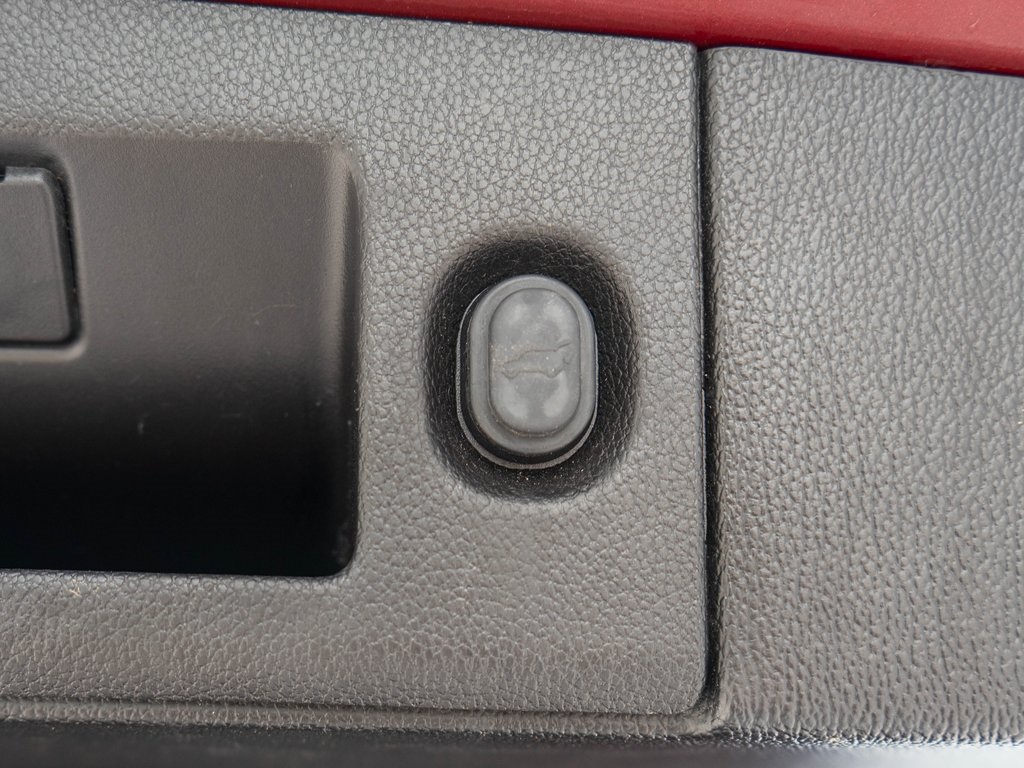 2018 Cadillac Escalade ESV Platinum photo 33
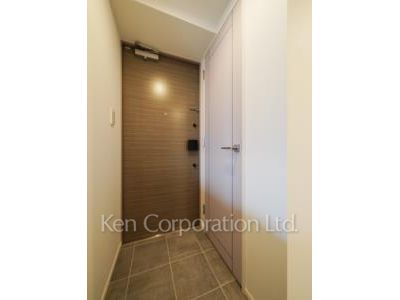 玄関 ※5階の同じ間取タイプを撮影。仕様が異なることがあります。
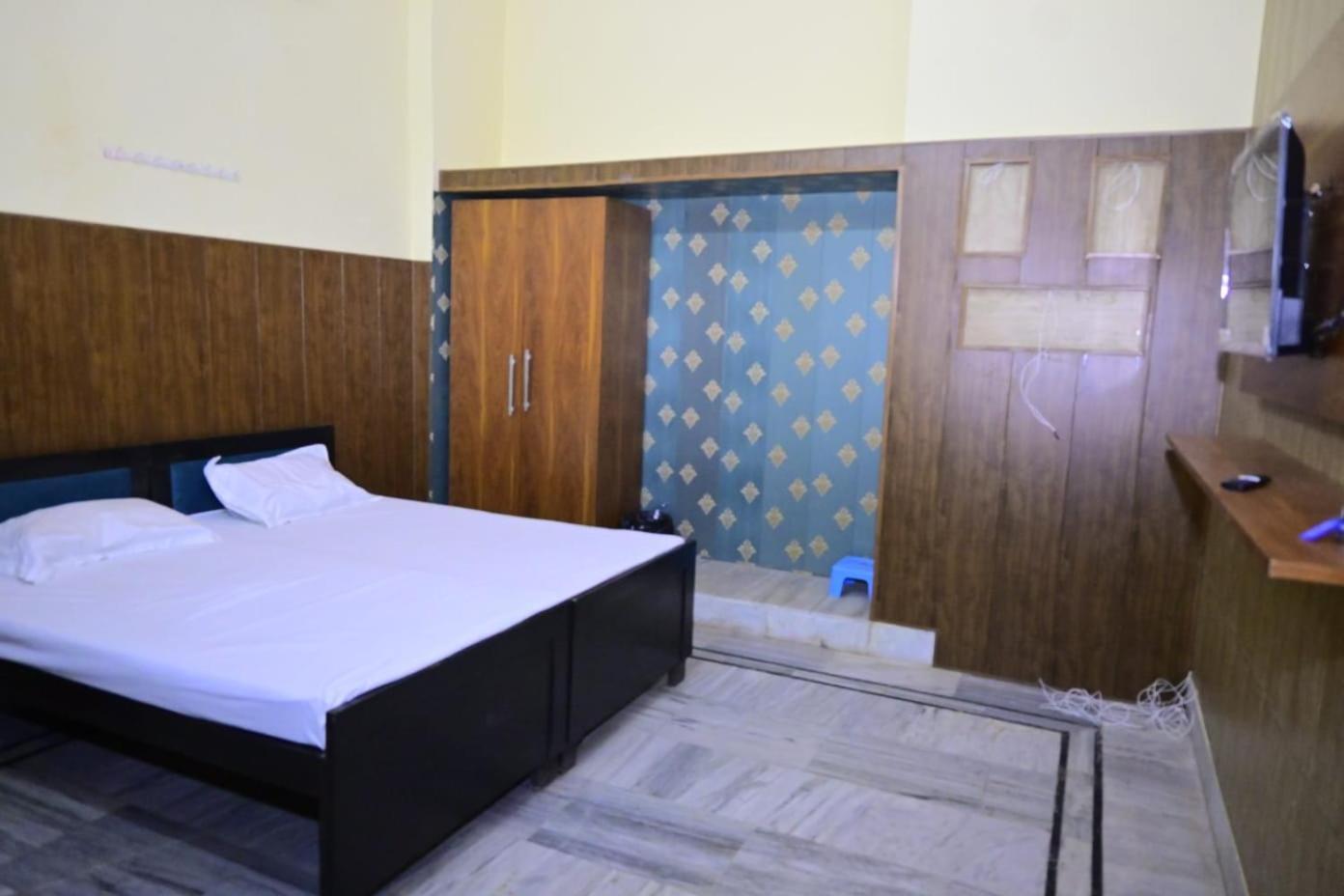 Homestay Shri Radha Krishna Bhawanam Raghunandan *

--- WHAT TO PRODUCE ---
Leave out the images and repeat the rest of the data word for word.

--- YOUR RESPONSE ---
 2018 Cadillac Escalade ESV Platinum photo 33
 玄関 ※5階の同じ間取タイプを撮影。仕様が異なることがあります。
 Homestay Shri Radha Krishna Bhawanam Raghunandan *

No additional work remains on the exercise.